Not so smart (phone app)
The Nintendo Switch Online App has been a bit of a pet peeve to Switch fans since its; release. Not only because of Nintendo’s insistence on having to use your cellphone to voice chat but also because the app didn’t offer much in the way of features. It essentially supported only two games, Mario Kart 8 Deluxe and Splatoon 2. With the launch of the Nintendo Switch Online service, Nintendo has worked to marginally improve the app. It now supports voice chat for not only the two aforementioned games but also ARMS, Mario Tennis Aces and Nintendo Entertainment System. There is still room for improvement and I personally would like to see the addition of a messaging system and general voice chat option.
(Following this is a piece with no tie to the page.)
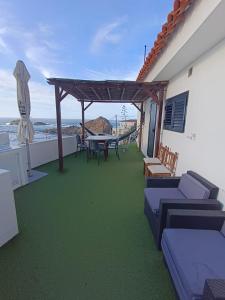 um pátio com uma mesa e cadeiras numa varanda em Apartamento playa picasso em Santa Cruz de Tenerife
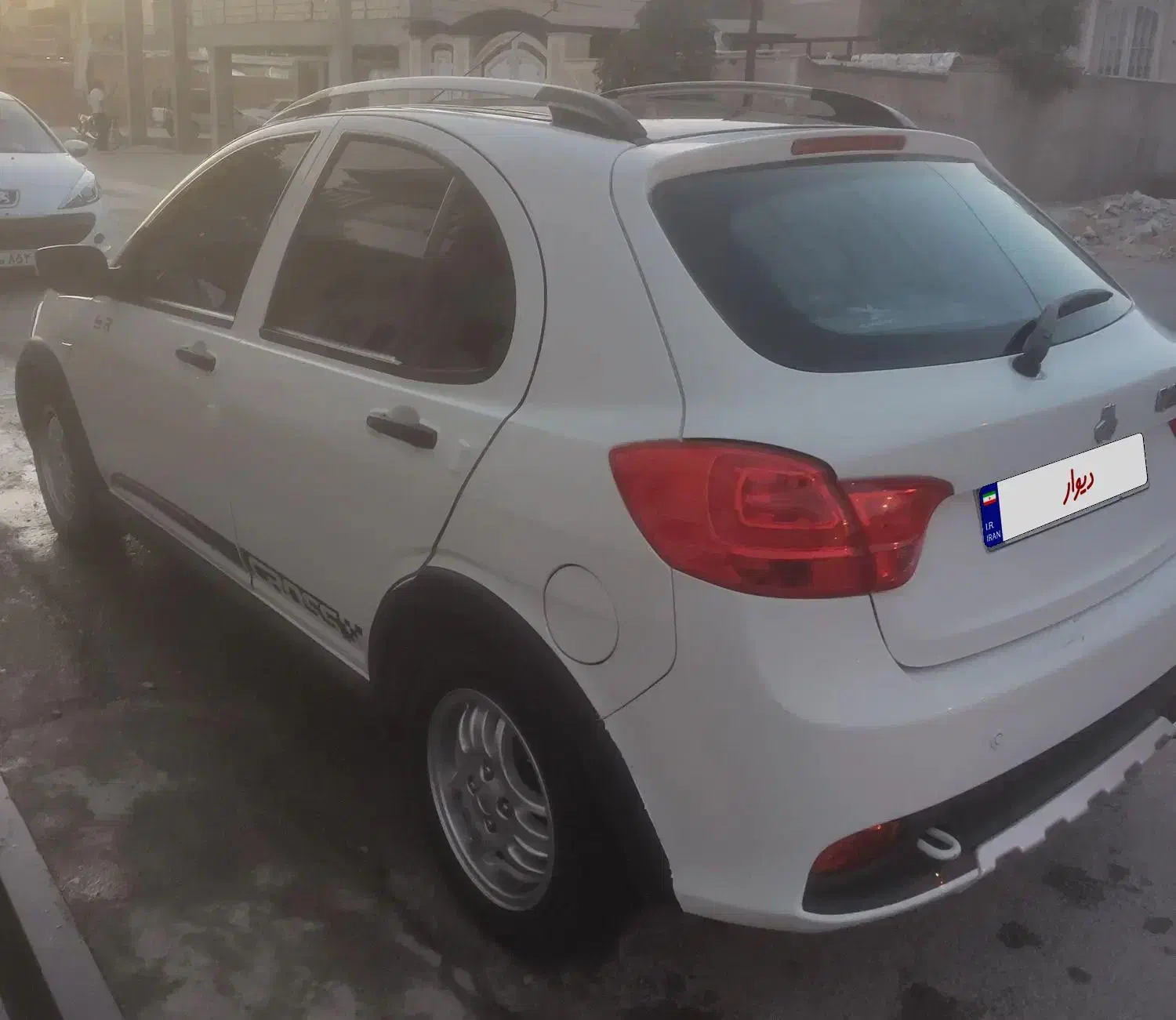 کوییک R پارس خودرویی درجه یک .کارمندی|خودرو سواری و وانت|فیروزآباد (فارس), |دیوار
Hopefully, Nintendo will improve the app and add more features moving forward.
Nintendo has stated that Nintendo Switch Online subscribers qualify for special member-only deals. It is a bit early to give any honest insight into the value of these deals. Current offers are limited to free exclusive gear for your Inkling or Octoling in Splatoon 2 and the option to purchase a rather awesome-looking pair of NES-style wireless controllers. These are used for playing the NES titles and, while being far from necessary, could be a fun little indulgence for those wanting an authentic retro experience.
The price is right
Fortunately, even though Nintendo gamers will now have to pay for their online fix, it is reasonably priced and should not cause anyone to feel the need to sell their kidney on the black market. There are a number of options available. An individual membership costs R52 for 1 month, R105 for 3 months or R262 for 12 months. There is also an option to purchase a family account. This option provides up to eight separate memberships for 12 months and costs R459. This makes it an excellent option for households with more than one person wanting to make use of Nintendo Switch Online or groups of relatives or friends wanting to save a few bucks.
A flawed but solid start
Nintendo is a company that has always and continues to move at its own pace. As usual, it is a bit late to the online party and compared to both Xbox Live and PlayStation Plus, Nintendo Switch Online may seem rather bare-boned. One must keep in mind, however, that it costs a fraction of the price of an Xbox Live or PlayStation Plus subscription and in my opinion offers enough to justify its purchase. It has its flaws and being a new venture for Nintendo, they have plenty of work ahead of them. In the months ahead I expect to see Nintendo working to further improve and add even more value to its paid online service.